Accusing the president of giving aid and comfort to the enemy is such a disgusting charge, such a deeply divisive, unAmerican tactic, it would be excoriated if it came from some far right blogger. That it comes from a former vice-president, violating every conceivable protocol (as he did in office), reminds me of why Cheney and Cheneyism remain such a threat to core American and Western values.

If you truly use a position of such authority to show contempt for the sitting president, to accuse him of treason, to attack him on the day he addresses the nation in a critical address, to divide him from the troops, to use sacred issues of war and peace which a president is solemnly engaging as a political weapon or as a vain and self-serving attempt to make your own record look better, then you have no core respect for the institutions and traditions and civility that make a constitutional democracy possible.

Look also at the focus of his attack: the civil trial of Khaled Sheikh Mohammed in New York City.

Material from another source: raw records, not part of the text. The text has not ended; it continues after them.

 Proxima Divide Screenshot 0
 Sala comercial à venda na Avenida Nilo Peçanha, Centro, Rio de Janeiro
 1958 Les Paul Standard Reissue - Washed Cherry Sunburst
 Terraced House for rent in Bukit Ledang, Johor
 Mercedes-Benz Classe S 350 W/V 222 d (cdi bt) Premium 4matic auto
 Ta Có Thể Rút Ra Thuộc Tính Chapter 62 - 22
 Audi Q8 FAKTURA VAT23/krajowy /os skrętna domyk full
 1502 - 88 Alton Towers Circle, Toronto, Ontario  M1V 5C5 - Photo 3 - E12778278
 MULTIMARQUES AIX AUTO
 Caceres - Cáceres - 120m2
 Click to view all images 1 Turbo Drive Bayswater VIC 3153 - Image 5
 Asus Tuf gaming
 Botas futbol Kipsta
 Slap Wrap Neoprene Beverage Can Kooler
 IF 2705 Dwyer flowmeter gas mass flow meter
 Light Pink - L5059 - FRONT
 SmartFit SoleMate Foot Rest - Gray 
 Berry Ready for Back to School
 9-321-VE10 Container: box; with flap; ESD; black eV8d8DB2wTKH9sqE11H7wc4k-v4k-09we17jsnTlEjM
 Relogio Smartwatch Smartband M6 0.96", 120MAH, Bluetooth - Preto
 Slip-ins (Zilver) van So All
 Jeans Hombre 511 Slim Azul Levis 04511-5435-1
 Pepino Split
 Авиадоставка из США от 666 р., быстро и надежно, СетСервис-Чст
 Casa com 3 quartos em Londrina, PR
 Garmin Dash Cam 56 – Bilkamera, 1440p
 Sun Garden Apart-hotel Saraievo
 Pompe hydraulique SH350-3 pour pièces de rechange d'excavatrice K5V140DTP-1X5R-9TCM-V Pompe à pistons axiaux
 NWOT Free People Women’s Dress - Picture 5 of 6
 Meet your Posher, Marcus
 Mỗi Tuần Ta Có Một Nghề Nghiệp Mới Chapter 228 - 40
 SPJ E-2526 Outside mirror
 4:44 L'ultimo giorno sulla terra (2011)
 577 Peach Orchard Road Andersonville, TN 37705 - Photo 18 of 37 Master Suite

All Cheney can see is the opportunity for such a figure to grandstand, as if KSM's rantings will have any effect but to demystify him. What Cheney cannot see - because he has no deep appreciation of it - is the beauty of treating a monster like KSM to the stringent calm of Western justice. And what Cheney fears - for he is no fool - is that the trial will also reveal Cheney's torture regime, how it distorted intelligence, prevented bringing suspects to justice and tarred the US for ever as a country that now does what its enemies used to do: abuse, torture and mistreat prisoners in wartime.


And the observation:

Sullivan wasn't always so fastidious about the way in which allegations of treason got raised:

The middle part of the country -- the great red zone that voted for Bush -- is clearly ready for war. The decadent left in its enclaves on the coasts is not dead -- and may well mount a fifth column.

That was Sullivan seven days after the 9/11 attacks. Sarah Palin might as well have cribbed her 2008 campaign speeches from it.

Everyone who was right about Bush's War is still waiting for an apology and a retraction on that one, by the way. And non-denial denials, just to be clear, don't count.